Por. María del Socorro Pensado Casanova
X: @mariaaspc / IG: @pcasanovams
“Hacer del futuro un lugar que queramos visitar.”
Sylvia Pankhurst, 1882-1960.
El 8 de marzo de cada año, se conmemora el Día Internacional de la Mujer, una fecha elegida para reconocer y reflexionar la lucha de las mujeres por la igualdad de oportunidades y condiciones. Sin embargo, cabe preguntarse cuántas personas tienen presente el verdadero significado de este día y lo reconocen como tal.
Durante mucho tiempo, en México, el 8M ha sido interpretado como una ocasión para felicitar a las mujeres y regalar flores, como si se tratara de un cumpleaños o de otro festejo similar. De igual manera, en muchas otras regiones del mundo, la tradición de felicitar a las mujeres en el 8M persiste. Este hábito, arraigado en varias generaciones, no debe ser motivo de reproche hacia quienes aún lo practican, ya que desconocen el verdadero sentido de la fecha. No es justo agredir a quienes continúan con este “festejo” inexistente, pues se trata de una costumbre heredada y no de una intención maliciosa. Si exigimos una vida libre de violencias, también procurémosla y no provoquemos el daño que no queremos para nosotras.
Por eso, es importante ser comprensivos con aquellas personas que todavía no han adoptado una perspectiva feminista o no muestran interés en hacerlo. La igualdad es un criterio formado a lo largo de los años, basado en el conocimiento y la práctica de un trato igualitario hacia todas las personas, no es un intento de convencer a alguien.
Ahora bien, la cuestión cambia para quienes, sabiendo que en el 8M se conmemora la lucha por la igualdad, continúan felicitando y negándose a reconocer esa igualdad de las mujeres frente a los hombres. Además, debido a la alta incidencia de violencia contra las mujeres en nuestro país, así como a los esfuerzos por garantizar su seguridad, el rechazo a la igualdad por parte de la sociedad significa la perpetuidad de la cultura de discriminación y violencia por razón del género.
Es una realidad la impotencia y tristeza de observar, cómo se desvirtúan fechas importantes como el 8M no tiene comparación alguna. Y esto no solo ocurre con las felicitaciones, sino también con las opiniones y ataques que surgen respecto a las manifestaciones de la lucha feminista. Hay quienes solo se involucran al 8 de marzo, creyendo que ondear la bandera violeta ese día es suficiente para formar parte del movimiento. Al mismo tiempo, otros consideran que salir a las calles a exigir justicia no sirve de nada. Estas posturas reflejan una falta de entendimiento sobre la lucha e historia feminista, así como de su verdadera finalidad: la igualdad entre todas las personas.

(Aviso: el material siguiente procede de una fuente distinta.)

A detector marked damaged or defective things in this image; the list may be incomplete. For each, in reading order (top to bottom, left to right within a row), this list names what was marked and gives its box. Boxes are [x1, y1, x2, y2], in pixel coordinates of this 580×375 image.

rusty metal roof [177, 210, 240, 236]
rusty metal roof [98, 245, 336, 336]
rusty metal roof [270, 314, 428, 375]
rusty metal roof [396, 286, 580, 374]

En lo personal, soy una fiel creyente de que cada paso que demos hacia la igualdad se verá reflejado en el presente y en el futuro, por más pequeño que parezca. Eliminar y dejar de aceptar conductas basadas en estereotipos de género en todos los espacios en los que nos encontremos, por ejemplo, pueden prevenir actos constitutivos de violencia contra las mujeres y enseñar a futuras generaciones a vivir en una cultura basada en la igualdad, la libertad y el respeto.
Este 2026, la vida tras el 8 de marzo transcurre en medio de desigualdades y violencia contra todas las personas, siendo las mujeres, las niñas y las adolescentes integrantes de aquellos grupos más afectados por razón de su género. Su significado no debe agotarse en una sola jornada de consignas, marchas o publicaciones en redes sociales.

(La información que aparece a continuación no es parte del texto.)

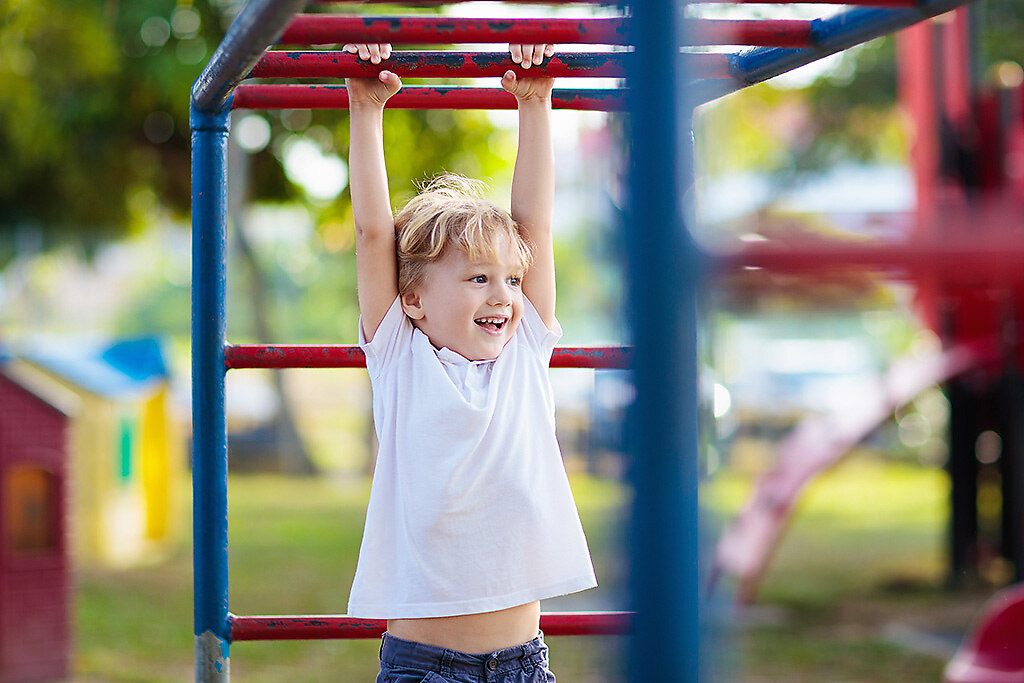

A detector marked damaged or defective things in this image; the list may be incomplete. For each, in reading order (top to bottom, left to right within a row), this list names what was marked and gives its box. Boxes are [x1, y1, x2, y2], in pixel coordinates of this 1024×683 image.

rusty metal bar [276, 15, 811, 48]
rusty metal bar [247, 50, 638, 79]
rusty metal bar [235, 83, 626, 109]
rusty metal bar [224, 344, 630, 370]
rusty metal bar [231, 610, 630, 643]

Insistamos en que la lucha por la igualdad no se limita a una fecha en el calendario, sino que se construye todos los días, en las decisiones cotidianas, en la forma en que educamos, en cómo respondemos ante la injusticia y en la manera en que cuestionamos las estructuras que sostienen la desigualdad. Defender la igualdad implica incomodar aquello que durante mucho tiempo se ha considerado normal sin hacer daño.
El compromiso con la igualdad que adoptamos cada 8M exige constancia, no basta con alzar la voz un día, si el resto del año guardamos silencio frente a la discriminación o la violencia. La transformación y justicia social ocurren cuando la memoria de la lucha permanece viva más allá de las marchas y se convierte en una práctica diaria de respeto, justicia y dignidad.